Fairness measures the packet reception ratio from each sensor node at the sink node. Fairness decreases if the sink node receives more packets from some sensor nodes than other sensor nodes and increases if the sink node receives packets from every node fairly. In the simulation, the fairness might be very low because sensor nodes selected the sensing interval randomly. If a sensor node selects a long sensing interval, it will generate packets at a low rate, and thus, less number of packets will be transferred to the sink node, while a sensor node with a short sensing interval will generate packets at a high rate. Moreover, a large number of packets from sensor nodes with a short sensing interval may cause congestion, and the packets from such sensor nodes will also be dropped. Therefore, the fairness will considerably decrease in case of heavy congestion.

Figure 15 shows the fairness of CODA, CODA-Comp, CRRT, and ACT strategy. As congestion becomes serious, the fairness drastically decreases because the CODA process sets one child node to the sleep state for some time, which leads to unbalanced packet transmission. A sleeping node can send neither the packets generated by it nor the packets received from its child nodes. Moreover, the packet flows considerably fluctuate because the back pressure is propagated slowly. Therefore, the network fairness decreased drastically. The fairness of CODA-Comp also decreased drastically showing similar shape with CODA because CODA-Comp only applies the compression at the source node. CRRT shows higher fairness than CODA because CRRT reduces the collision among the nodes at the MAC layer.
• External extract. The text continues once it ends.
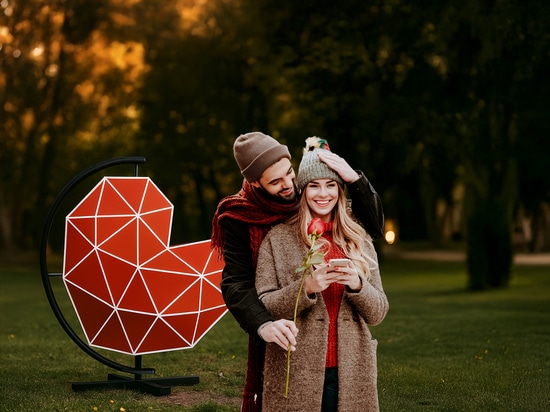 Décorations de la Saint-Valentin dans les espaces publics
Actually the CRRT has the end-to-end retransmission technique for reliability however we turned off the end-to-end retransmission in the simulation. If the end-to-end retransmission is on, the fairness would be perfect.

Figure 15.

Fairness.

On the other hand, the ACT exhibits higher fairness than the other strategies does because it simultaneously uses the back pressure and up pressure. It attempts to reduce the number of packets in the network with the help of the ARC. Further, sensor nodes with a short sensing interval will generate more packets that will in turn occupy more space in the queues of relaying nodes. Therefore, the ARC of the ACT attempts to reduce the number of these packets in the congested node. Moreover, with the ACT, all child nodes of the congested node increase the packet transmission interval, and thus, the ACT can achieve higher fairness than other schemes can.

QoD

QoD is defined as the ratio of the amount of data obtained by the sink node to the amount of data sensed by sensor nodes. The entire sensed data should arrive at the sink node and used by user applications. During congestion, the network should make the best effort to deliver as much data to the sink node as possible. Figure 16 shows the QoD of the CODA, CODA-Comp, CRRT, and ACT. As shown in Figure 14 and mentioned in Section 4.2, CODA exhibits very low network efficiency and therefore has a very low QoD. The network efficiency and the QoD of CODA should be similar because CODA does not use any compression technique. CODA-Comp and CRRT showed similar result at the network efficiency however CODA-Comp shows higher QoD in Figure 16 because with CODA-Comp at the sink received packets are decompressed and could reconstruct much more data than CRRT. In contrast, the ACT has considerably higher QoD than other schemes because the ACT uses compression techniques not only at the source node but also at the relaying node. When the network congestion occurs, ACT tries to compress the packets from the child nodes and thus the less amounts of packets were dropped. With a compression technique, a packet can contain more data than a packet without such a technique. This is the reason why compression techniques are used widely in several networks.

Figure 16.

QoD.

Sensor nodes are usually powered by batteries and thus have very limited energy, therefore maximizing the network lifetime is the main objective of the majority of WSN research works. With data compression, the traffic is reduced and energy consumption is also reduced and the network lifetime can be extended. However ACT is composed by many compression techniques which could be expensive in terms of energy and thus energy efficiency should be compared. Figure 17 shows the comparison of energy consumption. The energy consumption by the CPU and the Radio (Network Interface Card) was estimated. CPU was used by the sensing component, compression component, and transmission component. The Radio consumption is the summation of energies consumed by the sending and receiving. If a packet is dropped somewhere in a network during transmission, the transmissions from the source node to the relaying node that dropped the packet become unnecessary and thus the energy which was consumed by the radio is wasted (“Waste” in the figure). CODA shows minimum amount of total energy consumption. With CODA, there is not much computation and thus the energy consumption by the CPU is very smaller than other schemes. However, CODA showed very poor network efficiency in Figure 14, which means lots of packet drop, and thus lots of energy was wasted. CODA with compression consumed less energy on the Radio and more energy on the CPU. Therefore the total amount of consumed energy is more than CODA whereas the amount of wasted energy is less than the CODA. CRRT stays in middle stage between CODA and CODA-Comp. ACT shows highest energy consumption than other scheme. With ACT, CPU consumed lots of energy due to the compression task, however the entire network efficiency was higher than other schemes. Therefore the wasted energy was less than other scheme.

Figure 17.

Energy Consumption.

Conclusions

Recent advances in MEMS and microprocessor and wireless communication technologies have enabled the deployment of large-scale sensor networks, where thousands or even tens of thousands of small sensors are distributed over a vast area in order to collect sensing data. A large amount of data from a large number of sensor nodes can provide very important information to the users; however, a very large amount of data might cause large-scale congestion in a network.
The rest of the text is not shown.